Friday. A HORRIBLE day! Chest doctor was here and asked why the echo had not been ordered. I said that I talked to complex yesterday and they told me that you were satisfied because of A’s echo in November. Boy was she angry!! She told me that she never said that and has placed it in the notes three times that she wants one done!!! She then opened to the last note she had wrote and asked if he knew how to read?! LOL I told her that she needed to talk to him because I was tired of always getting different answers from different doctors. Kind of crazy if you ask me! Things like this just should NOT be happening!!!!!
Then around 2pm I went to lay him down for his nap. Well he was NOT doing well. He started into one of his fits and it lasted almost an hour. Thank goodness that his favorite nurse was on and she is so wonderful with him. I was getting VERY emotional. I am just so tired of seeing him so blue so often. I left to go to the washroom quick and when I was coming back I saw his NP. I told her that I wanted a probe done because I think he is still having issues with reflux and that I was tired of them sitting around not doing anything when A is obviously struggling! She said we could talk as a team on Monday to see if the probe was necessary. I told her that it was because either way I wanted to know IF he was refluxing still. I mean it is obvious that the fundo is working but he has not had a g tube in two years so it IS possible that he just cannot handle g tube feeds.

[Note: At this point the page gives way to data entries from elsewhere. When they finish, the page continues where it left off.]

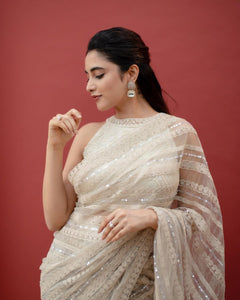 Off white net sequins embroidered saree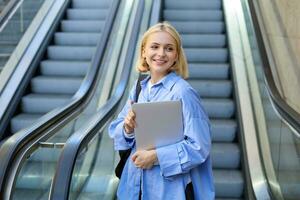 Lifestyle portrait of young woman with laptop, walking away from escalator, heading to tube metro, smiling and looking aside photo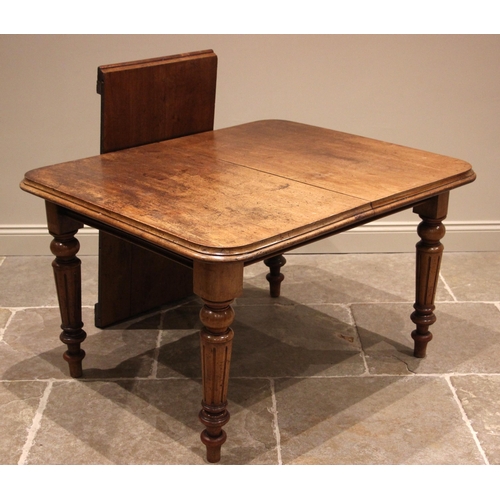 1031 - A Victorian mahogany extending dining table, the rounded rectangular top upon four fluted and turned... 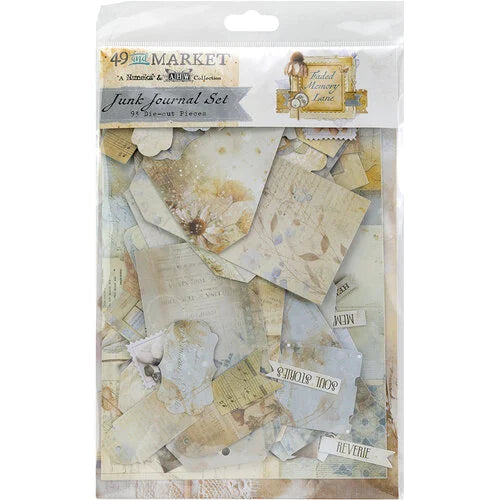 Packaged junk journal set with decorative papers and ephemera on a white background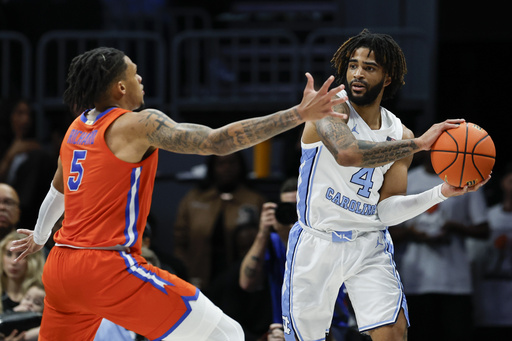 Richard’s 22 points leads No. 7 Florida to a 90-84 victory over UNC, staying perfect this season despite a late rally.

I went home on Friday night because Aunt K and Grandma S were coming down so that we could go and get Kelly’s dress for the wedding on Saturday. I really did not want to leave but felt comfortable knowing he was well taken care of with Jordana.
Saturday went well for dress shopping and now just two left to get. We drove down here on Saturday in the nasty nasty snow but luckily we got here before the worst of it came.
Today is A’s 8 month hearing age!!! And to top this post off with the best news yet…..the complex care team is switching over tomorrow!!!!!!!!!!!!!!!!!!!!!!!!!!!!!!!!!!!!!!!!!!!!! I am ecstatic! Can you tell? LOL
Oh where to begin. I am so frustrated. The complex care docs were in this morning and from the way they are speaking they are wanting to get A home. Now this is a great thing but I want answers before this happens. He is being weaned more from his morphine today and will be off it totally by Thursday or Friday. They also ordered that is not on a monitor during the day but only during sleep. I think much of this has to do with the fact that the docs do not want me watching the numbers. I have issues with how low his oxygen has been going for the past few days.
On a good note he has not had any of those crying fits today, last one was last night at 7pm. There goes my theory of it being hunger as his feed just ended at 7pm.
Blue spells still continue. The doctor says that he believes it is breath holding. The nurses on the floor do not understand as they are the SAME as before but worse. I am beyond confused as to why they are not concerned about them now.
Oxygen was discontinued at noon today and when he went down for a nap at 1pm he was satting between 78-84. With blow by he is 99. Why does he suddenly require oxygen while sleeping?! When we came in hospital he was not on it and his average sat while sleeping was 95.
To top everything off I am starting to get sick I think. I have a sore throat and feel sick to my stomach. I am just not in the mood.
Still waiting to see the chest team now as we have dealt with the reflux. (They wouldn’t do the sleep study or see him in the beginning until his reflux was dealt with.) Hopefully they have more convincing info for me then telling me that A is holding his breath.